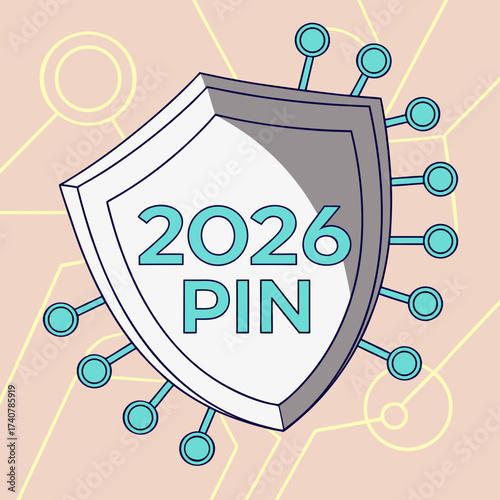 Digital security shield with the year 2026 and the word pin representing future protection and access control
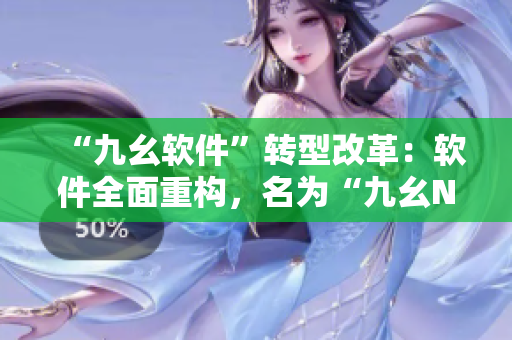 “九幺软件”转型改革：软件全面重构，名为“九幺Next”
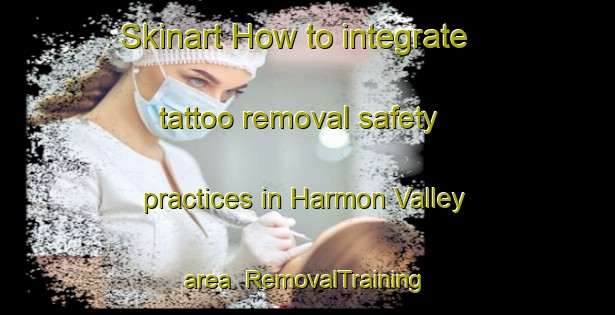 Skinart How to integrate tattoo removal safety practices in Harmon Valley area | RemovalTraining | RemovalClasses | SkinartTraining-Canada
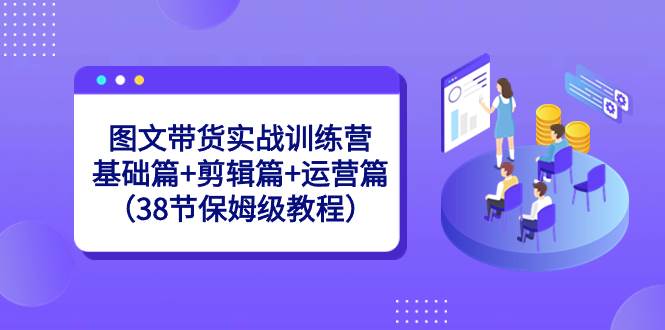 图文带货实战训练营：基础篇+剪辑篇+运营篇（38节保姆级教程）-一起发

**What is being asked**
Before writing out the material above, please remove its pictures; everything else stays exact.

**Your response**
 Digital security shield with the year 2026 and the word pin representing future protection and access control
 “九幺软件”转型改革：软件全面重构，名为“九幺Next”
 Skinart How to integrate tattoo removal safety practices in Harmon Valley area | RemovalTraining | RemovalClasses | SkinartTraining-Canada
 图文带货实战训练营：基础篇+剪辑篇+运营篇（38节保姆级教程）-一起发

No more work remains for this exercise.